Di masa kolonial, salah satu “buku babon” sejarah adalah Gescheidenis van Nederlandsch-Indië (1930) karya Frederik Willem Stapel. Buku tersebut dimutakhirkan menjadi lima jilid oleh para ahli sejarah Belanda lain dengan tajuk serupa pada 1938 di mana Stapel jadi editor utamanya. Tentu seluruh kitab sejarah itu disusun dari perspektif Belanda.
“Isi buku (oleh Stapel) tersebut lebih banyak menceritakan peran Belanda di Hindia Belanda, di mana Belanda merupakan subjek atau pemeran utama dalam cerita sejarah. Bangsa Belanda merupakan pemilik daerah jajahan, orang yang dipertuan, sedangkan bangsa Indonesia hanya ‘abdi’ bangsa Belanda. Peran dari bangsa kita sendiri saat itu dikesampingkan, malahan dihilangkan dan dianggap sebagai bangsa yang rendah dan dicap sebagai pemberontak,” tulis Andre Bagus Irshanto dalam Konfrontasi Indonesia-Malaysia: Perspektif Buku Teks Sejarah.
Oleh karenanya, pada 1951 atau dua tahun pasca-revolusi kemerdekaan usai, usaha untuk menyusun kitab sejarah “tandingan” mulai dijajaki cendekiawan Indonesia. Menurut M. Makagiansar dalam Research di Indonesia, 1945-1965, Volume 4, pemerintah pada 1951 membentuk Panitia Sedjarah Nasional yang anggota-anggotanya antara lain Mohammad Yamin, Husein Djajadiningrat, dan R.M. Ngabehi Poerbatjaraka. Namun karena kurangnya koordinasi, panitia ini gagal menghasilkan hal-hal signifikan.

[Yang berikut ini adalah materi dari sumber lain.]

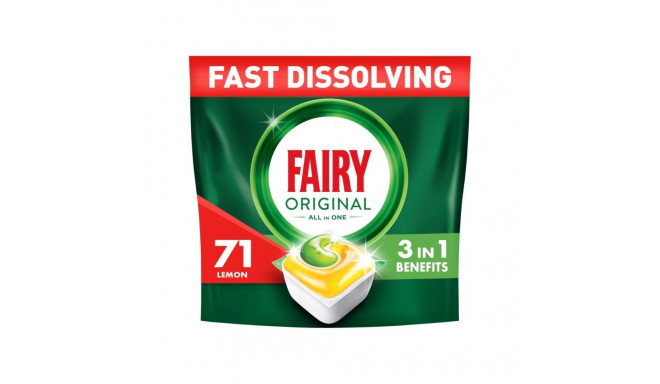 Nõudepesumasina tabletid Original, 71tk FAIRY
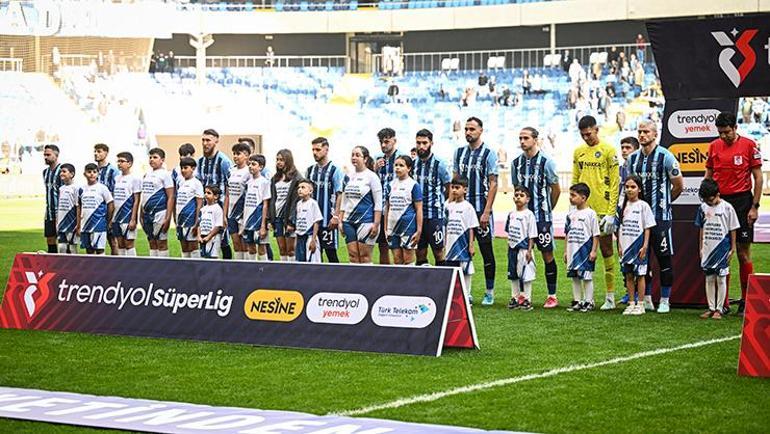 Adana Demirspor-Kasımpaşa | CANLI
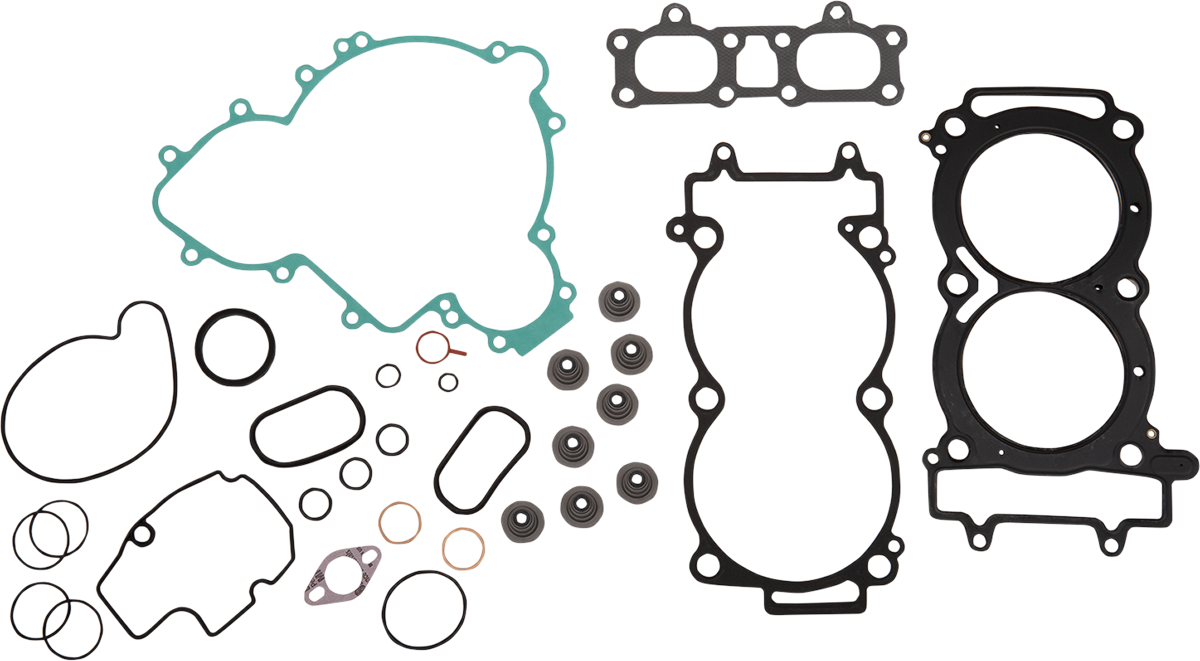 Moose Offroad Complete Motor Gasket Kit for Polaris 808969MSE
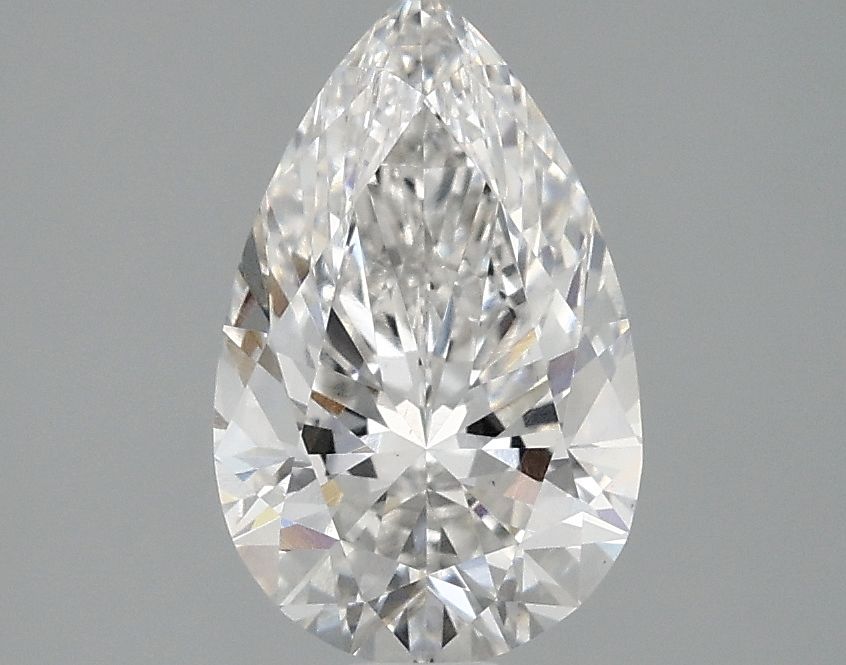 1.59 ct. pear Lab Grown Diamond front image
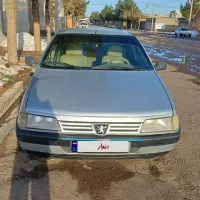 پژو ۴۰۵ دوگانه کارخانه مدل ۸۸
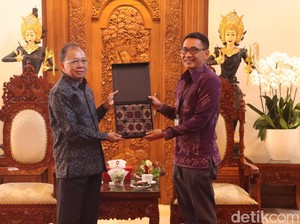 BPS Segera Adakan Sensus Ekonomi di Bali, Ini Pesan Koster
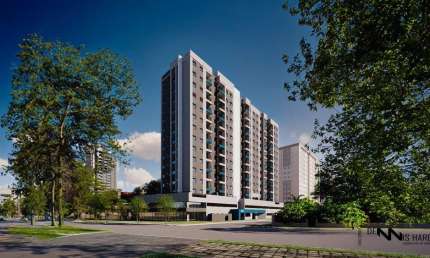 Apartamentos de 2 e 3 Dormitórios no Centro de Canoas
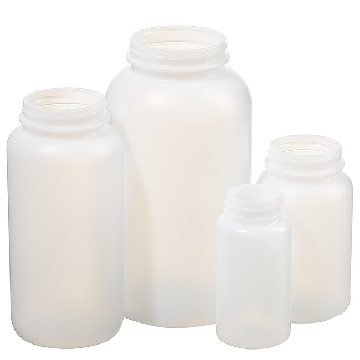 I-Chem 2L HDPE瓶，散装、无盖、未处理，35/箱，012-2000BP，Thermofisher，赛默飞世尔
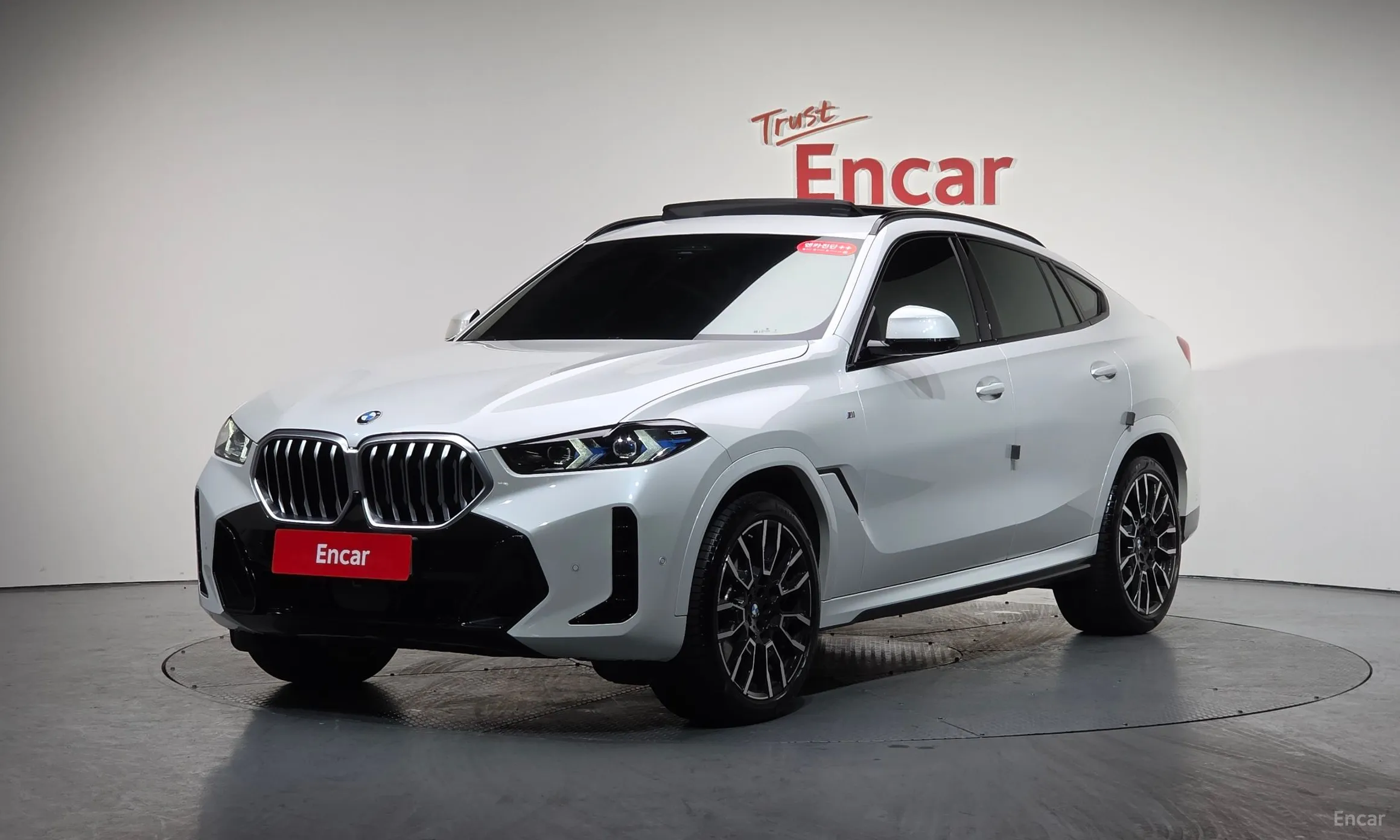 BMW X6 (G06)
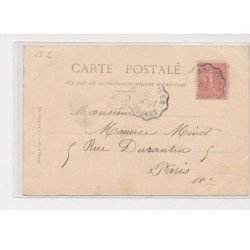 Environs de Laignes - Fouilles archéologiques de Vertilium - très bon état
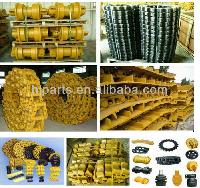 Excavator Undercarriage Parts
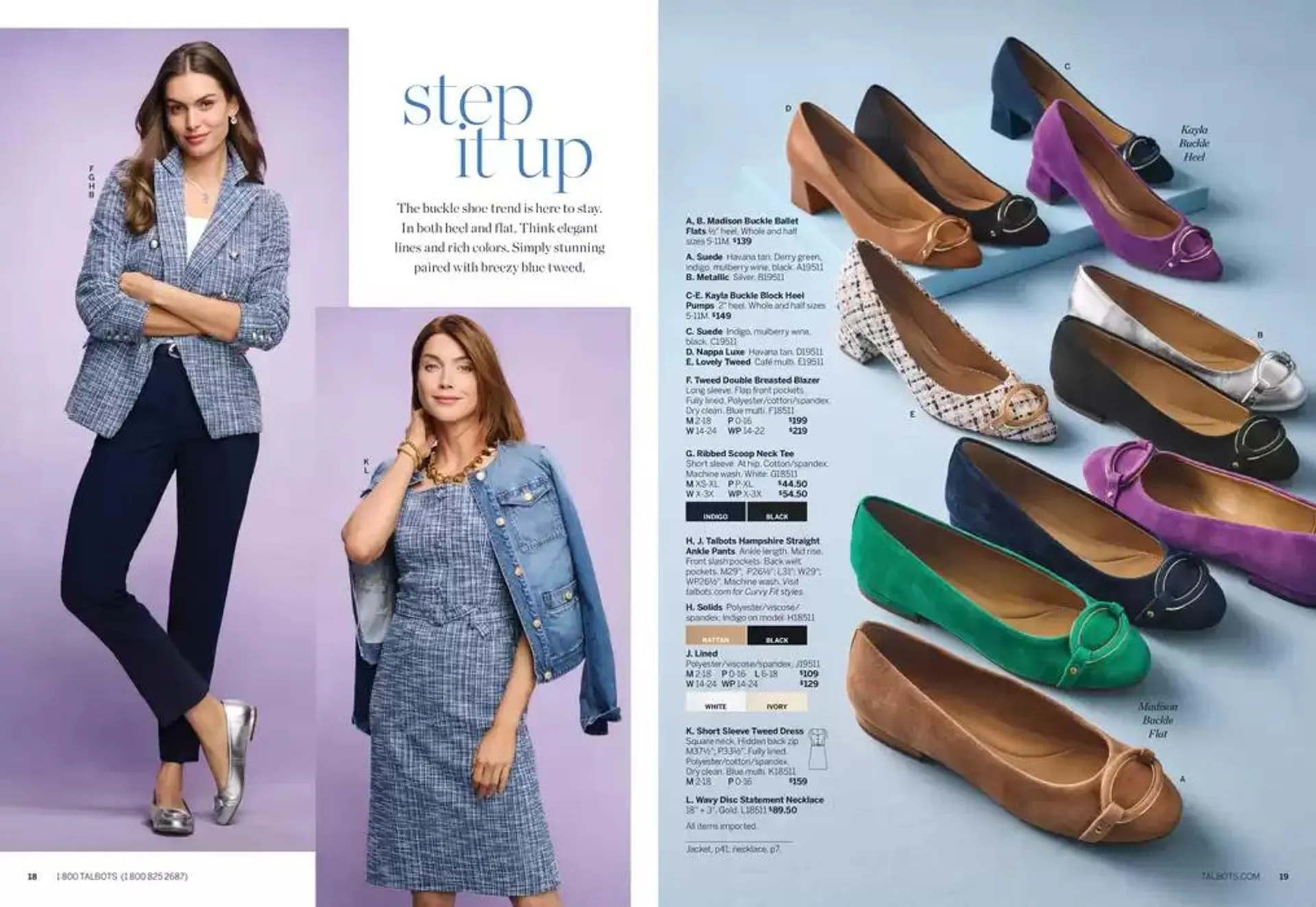 Weekly ad Talbots Look GoodFeel Good from January 13 to January 20 2025 - Page 10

Upaya lanjutan baru bisa dilaksanakan enam tahun berselang dengan digelarnya Seminar Sejarah Nasional I di Universitas Gadjah Mada (UGM) pada 14-18 Desember 1957 dengan dukungan Kementerian Pendidikan, Pengajaran, dan Kebudayaan. Visi dan aspek Indonesia-sentris dan periodisasi sejarah Indonesia sudah sama-sama disepakati, sebagaimana yang ditekankan Sartono Kartodirdjo. Namun, terjadi perdebatan seru antara Moh. Yamin dan Soedjatmoko perihal konsepsi filsafat Indonesia.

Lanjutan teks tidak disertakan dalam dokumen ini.